To Halt after having wheeled from open column. The officers commanding companies, &c. having during the wheel turned round to face their men, and inclined towards the pivot of the preceding company, as they perceive their wheeling men make the step which brings them up to their several pivots, they give the word mark time—halt. The men, on receiving this last word of command, halt with their eyes still turned to the wheeling flank, and each officer being then placed before the preceding guide or pivot, to which his men are then looking, corrects the interior of his company upon that pivot, his own pivot, and the general line of the other pivots. This being quickly and instantaneously done, the officer immediately takes his post on the right of his company, which has been preserved for him by his serjeant. Thus the whole line, when halted, is imperceptibly dressed.

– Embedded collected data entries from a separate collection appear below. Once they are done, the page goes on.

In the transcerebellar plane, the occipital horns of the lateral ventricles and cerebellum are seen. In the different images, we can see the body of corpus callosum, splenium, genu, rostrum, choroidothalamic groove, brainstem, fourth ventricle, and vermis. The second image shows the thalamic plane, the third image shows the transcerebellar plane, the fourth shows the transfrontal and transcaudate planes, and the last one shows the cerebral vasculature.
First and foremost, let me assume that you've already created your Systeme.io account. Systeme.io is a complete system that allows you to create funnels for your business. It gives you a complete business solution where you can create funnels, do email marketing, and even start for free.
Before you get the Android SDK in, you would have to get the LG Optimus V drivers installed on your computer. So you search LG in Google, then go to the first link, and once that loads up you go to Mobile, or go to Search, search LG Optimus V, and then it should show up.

In cavalry movements, when the open column halted on the ground on which it is to form, wheels up into line, the following specific instructions must be attended to:
Distances being just, guides and pivot leaders being truly covered, the caution is given, Wheel into line! when the then pivot-flank leaders place themselves each on the reverse flank of such divisions, as by its wheel up brings them to their true place in the squadron. The leading division of each squadron sends out a guide to line himself with the pivot files. At the word march! the whole wheel up into line, which is marked by the guides or pivots, and also bounded by the horses’ heads of the faced guides of it.—Dress—halt! is then given (as well as the other words by each squadron leader) the instant before the completion of the wheel; the eyes are then turned to the standing flank (to which the correction of the squadron is made), and remain so till otherwise ordered; so that a line formed by wheels to the left, will remain with eyes to the right; and one formed by wheels to the right will remain with eyes to the left.

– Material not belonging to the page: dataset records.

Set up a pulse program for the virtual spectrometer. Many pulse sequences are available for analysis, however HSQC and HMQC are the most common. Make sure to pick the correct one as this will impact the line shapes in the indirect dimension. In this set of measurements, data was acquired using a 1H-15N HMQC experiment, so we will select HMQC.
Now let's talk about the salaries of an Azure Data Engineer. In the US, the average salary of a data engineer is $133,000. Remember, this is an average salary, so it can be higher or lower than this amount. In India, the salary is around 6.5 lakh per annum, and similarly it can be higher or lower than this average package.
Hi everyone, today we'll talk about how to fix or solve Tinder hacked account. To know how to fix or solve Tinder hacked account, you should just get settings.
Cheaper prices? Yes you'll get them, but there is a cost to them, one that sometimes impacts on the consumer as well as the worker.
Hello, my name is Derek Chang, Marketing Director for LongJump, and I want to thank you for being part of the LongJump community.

During the wheel up, the standard moves to its place in squadron, and at the halt every individual must have gained his proper post.
HALTE, Fr. See [Halt].
HALTER-CAST. In farriery, an excoriation or hurt in the pastern, which is occasioned by the horse endeavoring to scrub the itching part of the body near the head and neck, and thus entangling one of his hinder feet in the halter. The consequence of which is, that he naturally struggles to get free and sometimes receives very dangerous hurts in the hollow of his pastern.

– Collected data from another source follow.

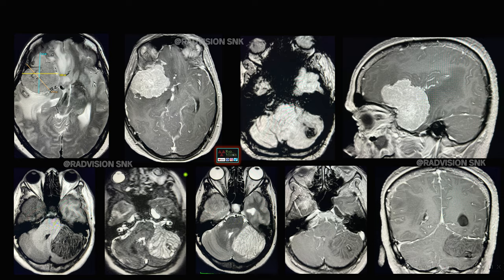The last case: there is an extraaxial iso- to hyperintense lesion noted against the right frontotemporal region with significant perilesional edema and mass effect, showing intense homogenous enhancement. Also, there is a hyperintense area in the cerebellum showing multiple abnormal folial patterns appearing as a lamellated or tigroid appearance, with blooming on GRE and no significant enhancement on IV contrast. This is a classical case of meningioma associated with Lhermitte-Duclos disease — meningioma associated with Lhermitte-Duclos disease is a rare occurrence. Thank you all.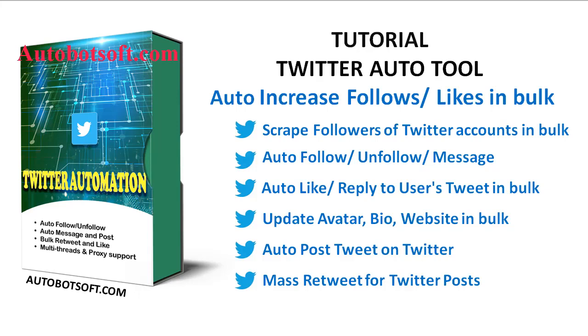Welcome to AutoBotSoft.com. Today we are pleased to introduce you to Twitter automation tool which can support you in doing any activities on Twitter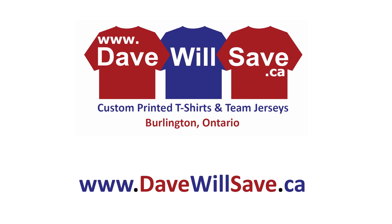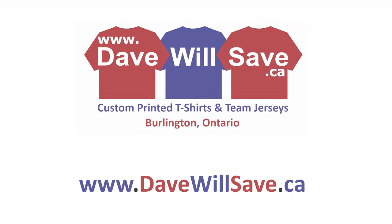So dollar for dollar I think if you spent a little bit more money you can get a much better quality shirt and have a much wider range of printing options on that shirt. Thanks for watching our review of the Gildan Ultra Cotton t-shirt. If you need custom printed t-shirts or team jerseys you can reach us at www.davewillsave.ca. We'll talk to you soon.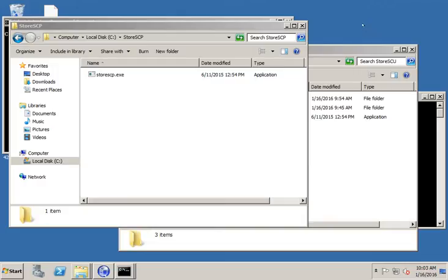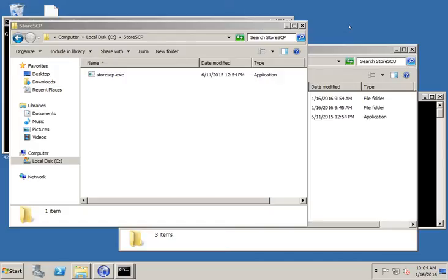Sometimes when troubleshooting DICOM networks, it's helpful to use some troubleshooting tools to both send and receive DICOM files without having to use a vendor's application to do that. So if you're testing a vendor's application's ability to receive a DICOM file or to send DICOM files to another SCP, these tools can be helpful.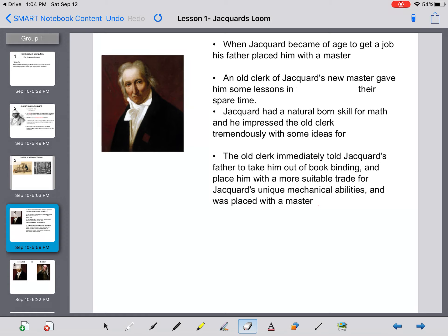When Jacquard came of age, his father placed him in a new trade with a master bookbinder. There was an old clerk at this bookbinding business who, in their spare time, gave Jacquard lessons in mathematics. Jacquard had a natural-born skill for math, even though he had never gone to school, and he impressed the old clerk tremendously with ideas for mechanics. Having grown up around wooden machinery his entire life, he now finally had skills in mathematics to apply that knowledge.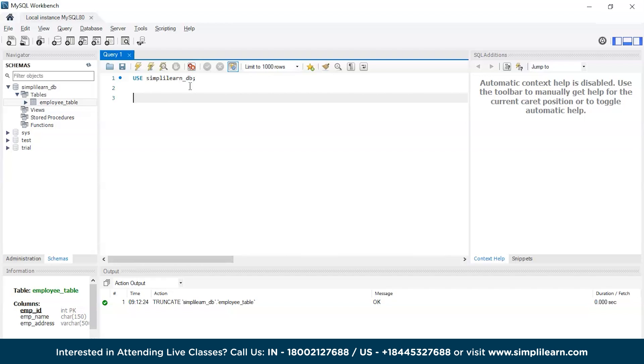We are on the Simply Learn database now. To update a table we need to have some data in it. We just created a normal table in the previous session, so now let's try to add some data into the same table using the INSERT command.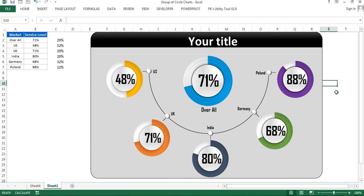Our beautiful group of circle charts is ready. You can use it in your business presentation or business dashboard. I hope you enjoyed this video — if you liked it, please hit the like button and subscribe to my channel for regular updates. Thank you so much for watching.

HALTING, in farriery, a limping, or going lame; an irregularity in the motion of a horse, arising from a lameness in the shoulder, leg, or foot, which obliges him to tread tenderly.
HAMLET, a small village.
Tower Hamlets. The militia raised in the district of the Tower of London, is so called, and is divided into two battalions.
HAMMER, well-known instrument with an iron head, for driving nails, &c. The artillery aids each carry one in his belt, in order to clear the vent from any stoppage.